■ **Your instructions**
Using the data that follows, output only the lines from the line with "Volkswagen T-Cross 1.0" up to and including the line with "pepe jeans castle", exactly, leaving pictures aside.

■ **Dataset content**

# # # #

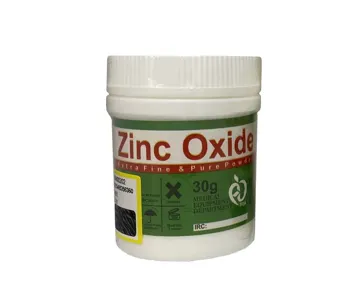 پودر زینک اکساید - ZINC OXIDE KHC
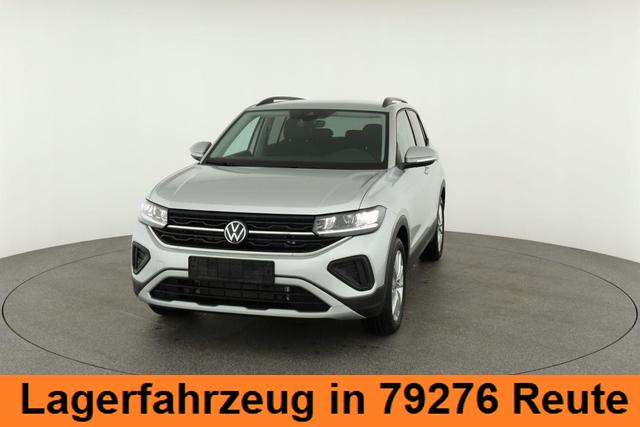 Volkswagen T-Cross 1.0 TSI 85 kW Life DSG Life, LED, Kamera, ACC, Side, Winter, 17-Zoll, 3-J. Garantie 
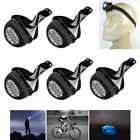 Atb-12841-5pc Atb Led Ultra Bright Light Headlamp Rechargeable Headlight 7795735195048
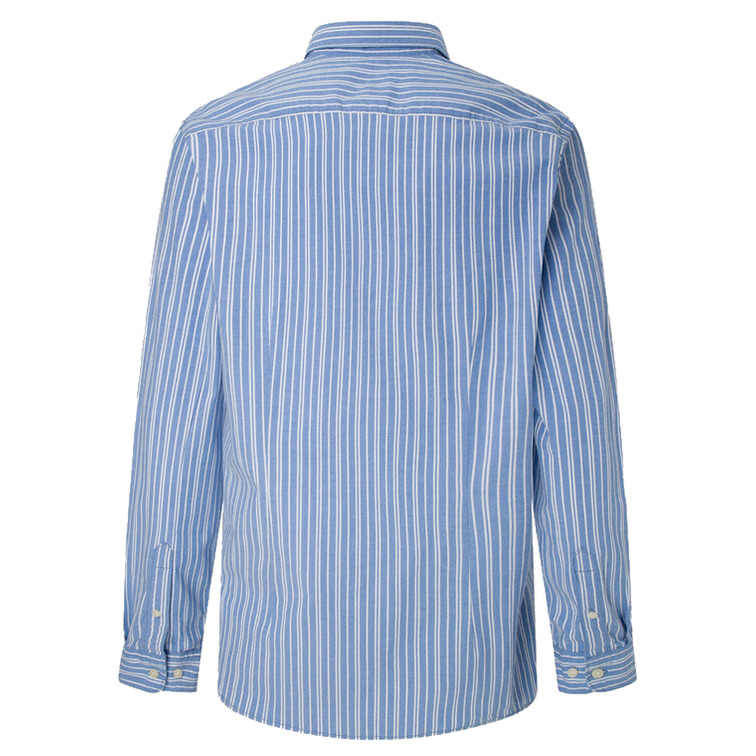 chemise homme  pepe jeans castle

# # # #

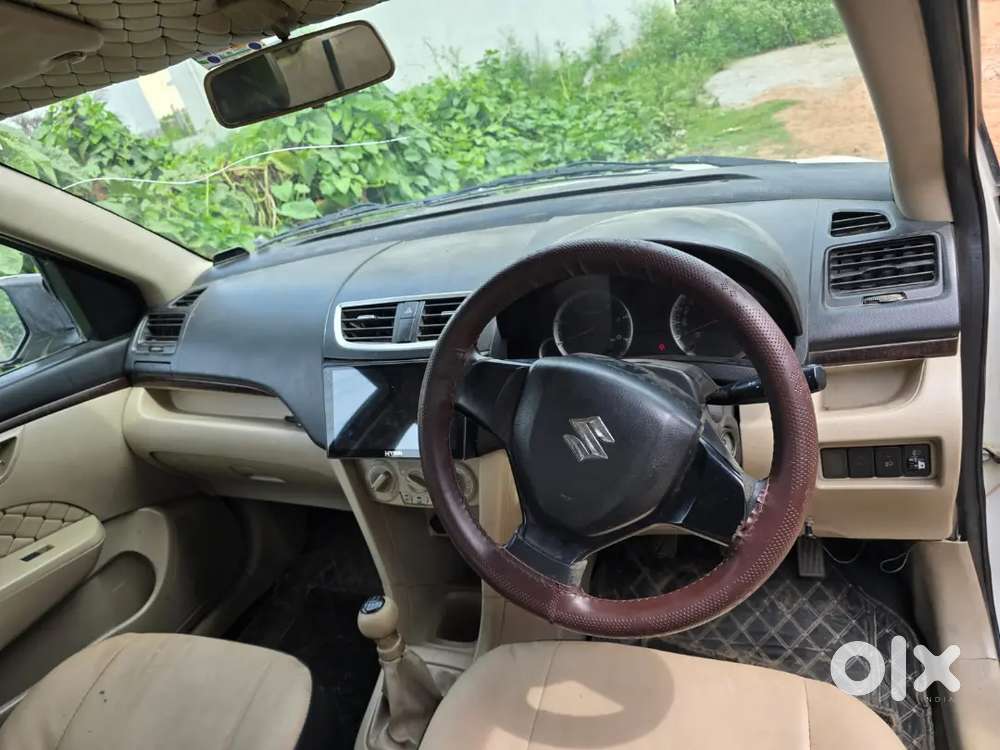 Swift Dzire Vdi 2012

# # # #

■ **Solution for this task**
 Volkswagen T-Cross 1.0 TSI 85 kW Life DSG Life, LED, Kamera, ACC, Side, Winter, 17-Zoll, 3-J. Garantie 
 Atb-12841-5pc Atb Led Ultra Bright Light Headlamp Rechargeable Headlight 7795735195048
 chemise homme  pepe jeans castle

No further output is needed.